• Task prompt:
Restate the entire listing word for word.

------------------------------

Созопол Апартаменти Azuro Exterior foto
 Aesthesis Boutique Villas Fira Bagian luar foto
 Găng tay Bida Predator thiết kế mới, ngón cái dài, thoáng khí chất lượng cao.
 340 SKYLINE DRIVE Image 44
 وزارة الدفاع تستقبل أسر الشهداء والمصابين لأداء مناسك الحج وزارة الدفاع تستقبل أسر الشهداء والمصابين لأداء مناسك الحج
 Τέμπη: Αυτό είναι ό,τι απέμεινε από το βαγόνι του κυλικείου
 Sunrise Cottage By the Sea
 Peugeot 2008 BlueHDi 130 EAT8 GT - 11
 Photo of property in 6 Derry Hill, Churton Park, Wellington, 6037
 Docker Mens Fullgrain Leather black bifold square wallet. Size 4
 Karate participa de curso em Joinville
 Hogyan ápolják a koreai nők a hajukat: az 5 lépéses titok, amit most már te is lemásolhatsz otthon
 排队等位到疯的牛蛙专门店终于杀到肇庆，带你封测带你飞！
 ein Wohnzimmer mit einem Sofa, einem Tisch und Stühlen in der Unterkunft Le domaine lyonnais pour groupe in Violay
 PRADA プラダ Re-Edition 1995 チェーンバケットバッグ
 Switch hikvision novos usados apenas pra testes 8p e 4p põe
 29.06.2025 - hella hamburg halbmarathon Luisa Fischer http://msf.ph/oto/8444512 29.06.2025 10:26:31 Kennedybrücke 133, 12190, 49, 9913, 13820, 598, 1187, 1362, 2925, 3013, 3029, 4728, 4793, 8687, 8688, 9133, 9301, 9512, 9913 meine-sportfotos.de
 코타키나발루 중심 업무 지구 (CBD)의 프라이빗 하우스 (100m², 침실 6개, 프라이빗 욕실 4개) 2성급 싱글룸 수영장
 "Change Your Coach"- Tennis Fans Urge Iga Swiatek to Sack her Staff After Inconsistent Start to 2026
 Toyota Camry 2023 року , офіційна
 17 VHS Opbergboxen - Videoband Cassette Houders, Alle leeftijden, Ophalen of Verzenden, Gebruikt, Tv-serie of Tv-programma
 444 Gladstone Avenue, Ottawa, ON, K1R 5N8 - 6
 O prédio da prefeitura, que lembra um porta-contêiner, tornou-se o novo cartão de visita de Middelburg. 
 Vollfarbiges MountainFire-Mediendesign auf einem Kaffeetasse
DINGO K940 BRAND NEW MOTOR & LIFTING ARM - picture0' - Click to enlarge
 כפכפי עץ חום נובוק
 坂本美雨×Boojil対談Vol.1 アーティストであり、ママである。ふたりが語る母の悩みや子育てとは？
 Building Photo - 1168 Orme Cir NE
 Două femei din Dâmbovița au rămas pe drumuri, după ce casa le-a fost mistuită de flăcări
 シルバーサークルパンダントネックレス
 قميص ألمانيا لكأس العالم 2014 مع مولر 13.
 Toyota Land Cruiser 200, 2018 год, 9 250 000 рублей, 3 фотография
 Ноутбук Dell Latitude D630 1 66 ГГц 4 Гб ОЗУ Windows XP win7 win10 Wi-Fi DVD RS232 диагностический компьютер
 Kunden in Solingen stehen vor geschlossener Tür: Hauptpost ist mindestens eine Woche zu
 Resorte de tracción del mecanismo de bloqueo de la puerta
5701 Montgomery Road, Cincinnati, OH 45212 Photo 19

------------------------------

• Result:
Созопол Апартаменти Azuro Exterior foto
 Aesthesis Boutique Villas Fira Bagian luar foto
 Găng tay Bida Predator thiết kế mới, ngón cái dài, thoáng khí chất lượng cao.
 340 SKYLINE DRIVE Image 44
 وزارة الدفاع تستقبل أسر الشهداء والمصابين لأداء مناسك الحج وزارة الدفاع تستقبل أسر الشهداء والمصابين لأداء مناسك الحج
 Τέμπη: Αυτό είναι ό,τι απέμεινε από το βαγόνι του κυλικείου
 Sunrise Cottage By the Sea
 Peugeot 2008 BlueHDi 130 EAT8 GT - 11
 Photo of property in 6 Derry Hill, Churton Park, Wellington, 6037
 Docker Mens Fullgrain Leather black bifold square wallet. Size 4
 Karate participa de curso em Joinville
 Hogyan ápolják a koreai nők a hajukat: az 5 lépéses titok, amit most már te is lemásolhatsz otthon
 排队等位到疯的牛蛙专门店终于杀到肇庆，带你封测带你飞！
 ein Wohnzimmer mit einem Sofa, einem Tisch und Stühlen in der Unterkunft Le domaine lyonnais pour groupe in Violay
 PRADA プラダ Re-Edition 1995 チェーンバケットバッグ
 Switch hikvision novos usados apenas pra testes 8p e 4p põe
 29.06.2025 - hella hamburg halbmarathon Luisa Fischer http://msf.ph/oto/8444512 29.06.2025 10:26:31 Kennedybrücke 133, 12190, 49, 9913, 13820, 598, 1187, 1362, 2925, 3013, 3029, 4728, 4793, 8687, 8688, 9133, 9301, 9512, 9913 meine-sportfotos.de
 코타키나발루 중심 업무 지구 (CBD)의 프라이빗 하우스 (100m², 침실 6개, 프라이빗 욕실 4개) 2성급 싱글룸 수영장
 "Change Your Coach"- Tennis Fans Urge Iga Swiatek to Sack her Staff After Inconsistent Start to 2026
 Toyota Camry 2023 року , офіційна
 17 VHS Opbergboxen - Videoband Cassette Houders, Alle leeftijden, Ophalen of Verzenden, Gebruikt, Tv-serie of Tv-programma
 444 Gladstone Avenue, Ottawa, ON, K1R 5N8 - 6
 O prédio da prefeitura, que lembra um porta-contêiner, tornou-se o novo cartão de visita de Middelburg. 
 Vollfarbiges MountainFire-Mediendesign auf einem Kaffeetasse
DINGO K940 BRAND NEW MOTOR & LIFTING ARM - picture0' - Click to enlarge
 כפכפי עץ חום נובוק
 坂本美雨×Boojil対談Vol.1 アーティストであり、ママである。ふたりが語る母の悩みや子育てとは？
 Building Photo - 1168 Orme Cir NE
 Două femei din Dâmbovița au rămas pe drumuri, după ce casa le-a fost mistuită de flăcări
 シルバーサークルパンダントネックレス
 قميص ألمانيا لكأس العالم 2014 مع مولر 13.
 Toyota Land Cruiser 200, 2018 год, 9 250 000 рублей, 3 фотография
 Ноутбук Dell Latitude D630 1 66 ГГц 4 Гб ОЗУ Windows XP win7 win10 Wi-Fi DVD RS232 диагностический компьютер
 Kunden in Solingen stehen vor geschlossener Tür: Hauptpost ist mindestens eine Woche zu
 Resorte de tracción del mecanismo de bloqueo de la puerta
5701 Montgomery Road, Cincinnati, OH 45212 Photo 19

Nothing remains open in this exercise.